Aber auch jene Winzer, die erst nach der Schlechtwetterperiode die letzten Trauben lesen konnten, haben laut Gmeiner „unerwartet hohe Qualitäten mit sehr guter Fruch-
tigkeit und ausgewogenem Säuregerüst“ gemeldet. Wie zum Beispiel Florian Schmuc-kenschlager aus Enns: „Auf unserem Betrieb hatten wir vor den Niederschlägen noch nicht einmal 20 Prozent geerntet und ich hatte Bedenken aufgrund der hohen Niederschlagsmengen. Allerdings stellt sich nun heraus, dass der kühle Einfluss und auch das Wasser ein wahrer Segen für die Qualität waren. Die Trauben sind deutlich fruchtiger und harmonischer als zuvor.“
Es hat sich wieder einmal gezeigt: Wenn man das ganze Jahr die notwendigen Arbeiten im
Weingarten erledigt und dann noch Glück mit dem Wetter hat, steht einem außerordentlichen Jahrgang nichts im Wege. Leo Gmeiner
Die Bilanz fällt trotz aller Herausforderungen zufriedenstellend aus: „Aktuell gibt es quer durch die oberösterreichische Weinszene große Zufriedenheit mit den Qualitäten der heurigen Trauben-Ernte, die auf einen hervorragenden Jahrgang deuten. Lediglich mengenmäßig wird das Weinjahr 2024 in Oberösterreich mit knapp einem Drittel weniger als im Durchschnitt leider eher bescheiden ausfallen“, erklärte Agrarlandesrätin Michaela Langer-Weninger. So erwartet man anstatt der durchschnittlichen Jahresproduktion von circa 500.000 bis 600.000 Flaschen lediglich 350.000 bis 400.000 Flaschen Wein.
„Ausgezeichnete“ Weine
„Man lebt mit der Natur. Das ist nervenaufreibend, aber man bekommt auch sehr viel zurück“, so Winzerin Irene Wurm vom Gustergut in St. Florian. Auf dem Betrieb, den sie gemeinsam mit ihrer Schwester Barbara Wallisch bewirtschaftet, wird seit
13 Jahren Weinbau betrieben. Anfangs als Hobby mit 2000 Quadratmetern begonnen, wurde die Rebfläche über die Jahre auf insgesamt 2,5 Hektar erweitert. In Zukunft soll am Betrieb auch Sekt erzeugt werden: „In drei Jahren, wenn unsere Neuanlage mit den Burgundersorten in Ertrag kommt, wollen wir selber mit der Versektung im alten Gewölbekeller beginnen“, so die Winzerin, die überzeugt davon ist, dass die Lage perfekt dafür geeignet ist, um gute Qualitäten zu produzieren.

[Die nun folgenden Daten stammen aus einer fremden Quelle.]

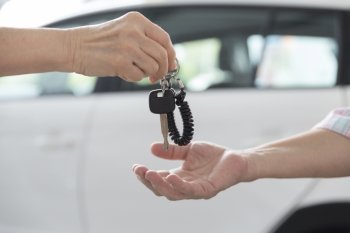 people's hand give and get car key with white car background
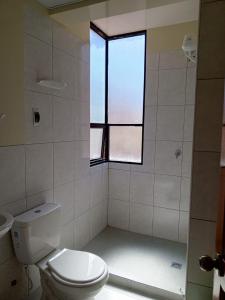 a bathroom with a toilet and a window at Jhonyximena in Copacabana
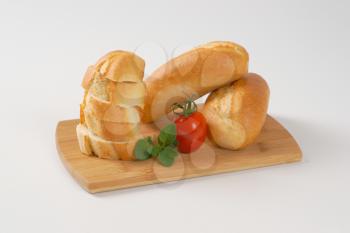 whole and sliced mini baguettes on wooden cutting board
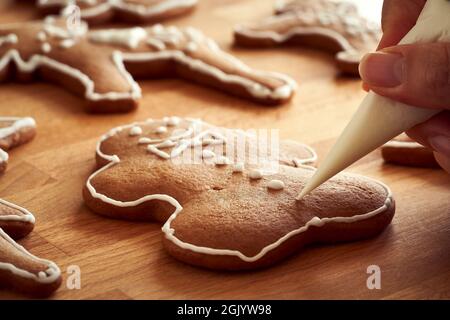 Handgemachte Lebkuchen Weihnachtskekse mit einem Kegel dekorieren - Zubereitung von traditionellem Gebäck Stockfoto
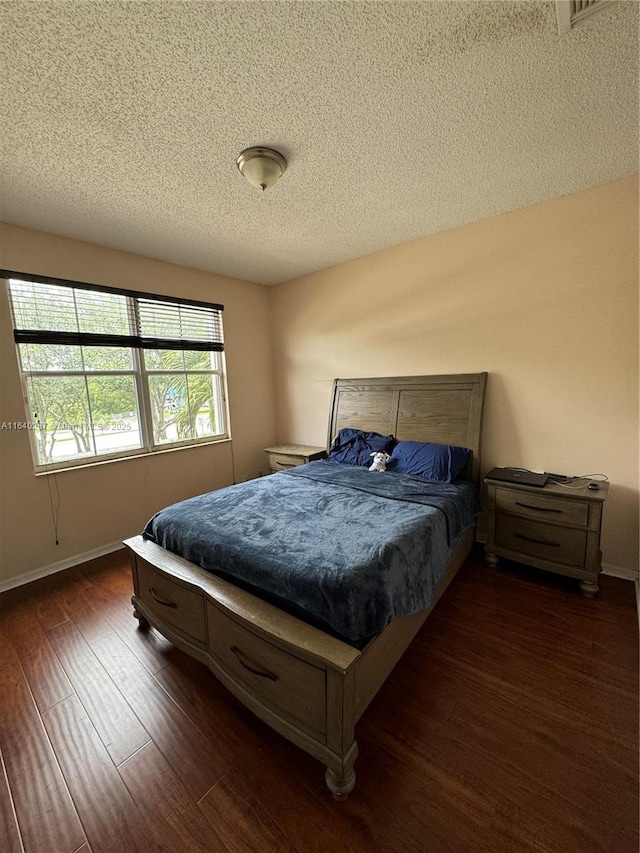 bedroom featuring dark hardwood / wood-style flooring and a textured ceiling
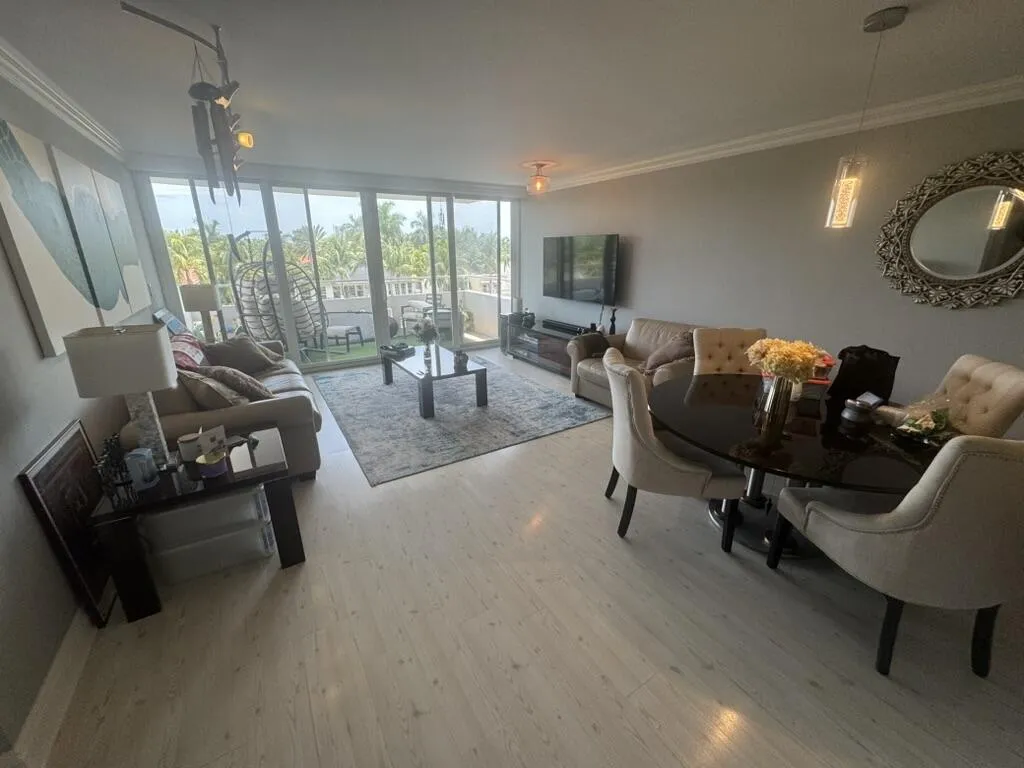 Light wood-finish flooring extending throughout, spacious living area with crown molding, glass sliding doors leading to an outdoor balcony, built-in recessed lighting, and a modern dining area with an oval-shaped table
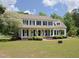 Attractive two-story home with a covered front porch, lush landscaping, and inviting appeal at 101 Cardinal Dr, Youngsville, NC 27596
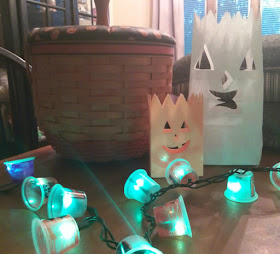 Make your own homemade holiday light covers for Halloween.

Dass die oberösterreichischen Winzer trotz ihrer kleinen Strukturen mit Top-Qualitäten punkten können, belegen mittlerweile zahlreiche, im wahrsten Sinne des Wortes, „ausgezeichnete“ Weine. Mittlerweile finden sich Weine aus Oberösterreich regelmäßig im Salon Österreichischer Wein, der inoffiziellen Staatsmeisterschaft der heimischen Winzer. Aber auch auf dem internationalen Wein-Parkett zeigen Weine aus dem Land ob der Enns, dass sie ganz vorne mitmischen können. „Wenn jemand vor 20 Jahren behauptet hätte, dass Wein aus Oberösterreich einmal in der Oberliga mitspielen wird, wäre er vermutlich ausgelacht worden. Heute beweisen wir, dass unsere Winzer ganz großartige Weine produzieren“, freut sich Landwirtschaftskammer-Präsident Franz Waldenberger.